Ora l’esecutivo tecnico è stato imitato dal governo Letta con la decisione di tagliare in modo draconiano la detrazione fiscale su Polizze Vita e infortuni per contribuire a coprire la cancellazione dell’Imu 2013. Un altro caso di governo, e quindi di Stato che abdica al suo ruolo di motore di comportamenti positivi, ovvero vantaggiosi per i propri cittadini ma anche per la collettività.
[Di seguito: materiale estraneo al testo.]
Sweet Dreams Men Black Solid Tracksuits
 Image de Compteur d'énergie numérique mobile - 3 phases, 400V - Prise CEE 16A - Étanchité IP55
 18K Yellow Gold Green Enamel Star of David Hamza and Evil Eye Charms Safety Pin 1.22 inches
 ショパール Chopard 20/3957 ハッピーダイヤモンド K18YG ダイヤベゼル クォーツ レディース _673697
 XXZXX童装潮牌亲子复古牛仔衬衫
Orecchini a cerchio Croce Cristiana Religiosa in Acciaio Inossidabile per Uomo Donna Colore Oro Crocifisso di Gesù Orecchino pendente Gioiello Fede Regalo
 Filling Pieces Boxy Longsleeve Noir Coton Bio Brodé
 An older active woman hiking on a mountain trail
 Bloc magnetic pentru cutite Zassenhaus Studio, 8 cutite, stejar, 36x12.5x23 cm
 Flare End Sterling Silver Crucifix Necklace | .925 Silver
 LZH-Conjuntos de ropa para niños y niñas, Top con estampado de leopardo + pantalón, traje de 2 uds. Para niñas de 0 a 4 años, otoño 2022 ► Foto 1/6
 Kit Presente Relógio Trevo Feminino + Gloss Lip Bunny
Della serie cornuti e mazziati: le pensioni saranno pari al 55-60% dello stipendio e come governo colpisco pure il risparmio previdenziale

Con la scelta è stato penalizzato il risparmio assicurativo – con  un ricavo di 400 milioni di euro per il 2013 e circa il doppio per il 2014 -, per sostenere il mattone. Le case in Italia costano tanto – in particolare se confrontate con il potere di acquisto degli italiani – e con questo passaggio probabilmente domani costeranno di più. E l’arrivo il prossimo anno della Service Tax non dovrebbe portare ad una riduzione duratura dell’imposizione sulla casa, e quindi ad una ripresa del settore.

L’impressione è che, ancora una volta, la politica abbia raggiunto un accordo un po’ miope. Non si potevano trovare i soldi da altre parti?